I guess I just haven't felt much like myself since that last match was Evie. You know, I was just starting to get back to normal again and she swooped in to make sure to put me off balance again. I felt good going in. I mean, I really felt like I did back in the Blast from the Past tournament a couple of years ago. Then, over the course of that match, I just kind of felt that feeling slip away.

It's not like I'm doing anything differently. I'm spending more time in the gym than I ever have in my career or various recoveries. I'm trying to break down what my opponents bring to the ring. I'm doing the homework. You know, the part that everyone leave out when they talk about being in this business.
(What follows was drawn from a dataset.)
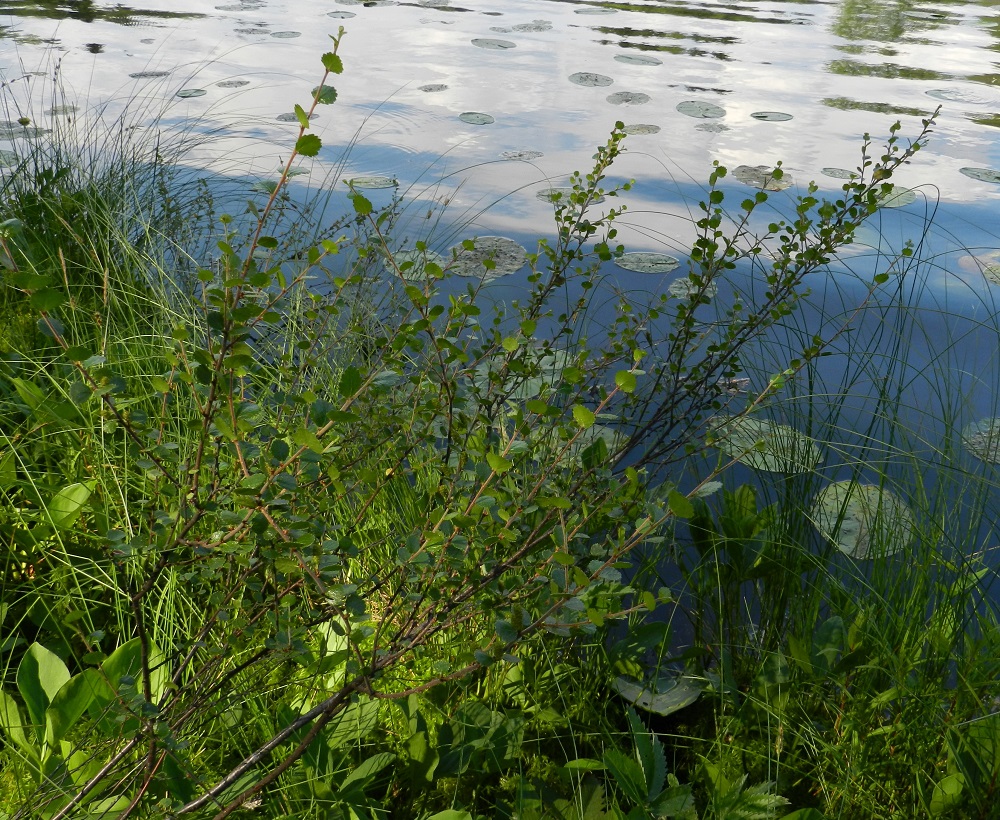 Betula nana - vaivaiskoivu on kohenevasti levittäytyvä - suikertavan rento pensas tai varpu, joka on tavallisesti noin 0,2-0,8 m korkea ja vain harvemmin hieman yli metriin yltävä. EH, Hämeenlinna, Pullerinmäki, Viisari, Ahvenistonharjun koillisjuurella olevan Kahtoilammen lounaisrannan kapeahko rantanevakaista, 2.7.2011. Copyright Hannu Kämäräinen.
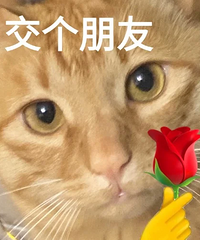 [����]�����ҹ��۵ļ����������žŰ�ʮһ�ѣ������ڻ���˸���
None of it seems to be adding up anymore though. I used to be able to confidently carry myself into these matches knowing that I have put in all the other work, and that the things inside the ring would just come together. Lately, they just aren't coming together like that. I'm making mistakes. More importantly, my opponents have been able to capitalize on those mistakes. For the first time ever in my career, I am on a losing streak. Since coming back, I have been losing a lot more than I have been winning. I can recognize it. I can admit it, and I'm not making any excuses for it.

Like I've said, I'm not even certain what's going wrong. None of the idiots at Jet City South have had any wisdom to impart either. For all of the mentors supposedly helping me, none of them seem to have an answer for this one. Then again, they are all too good to admit even half of the stuff that I am talking about now. If you ask either of the Mixed Tag Team Champions, they'd never even admit having lost a match before let alone dealing with a losing streak. There's no way anything that they have to say can help me.

The only thing that I can do is keep showing up and hoping that eventually I break through whatever is holding me back. If I am going to find an answer, my guess is that it is going to be somewhere in that six sided ring. Hopefully I find it sooner rather than later, because as it stands I am quickly becoming the next Jessie Salco-esque punchline around here.

All I can say is that I worked too hard to make it back to just pack and up and leave at the first sign of bad luck. I don't know how many times I am going to have to lose before things put themselves back together, but I'm not going to get discouraged. I'm not going to stop showing up. For all I know, I have two years worth of ring rust to work off, and I'm not quite back up to speed. Maybe it's been so long since I was at the top of my game that I don't even know what that's supposed to be like.

I know that I still want to be here. I know that there is fight left in me.

Maybe Char Kwan finds some way to bring out the best in me. Maybe this match will be what I need to shake myself free of the nightmare situation that I have been living in over the last month. She hasn't exactly found herself on the winning side of things very often lately, so my chance to pull out the win here is just as good as hers.

I won't quit. I won't go home a failure.

I'm going down to that ring Sunday.

This is where I was meant to be. This is what I was meant to do.

Fuck everything else and anyone that disagrees.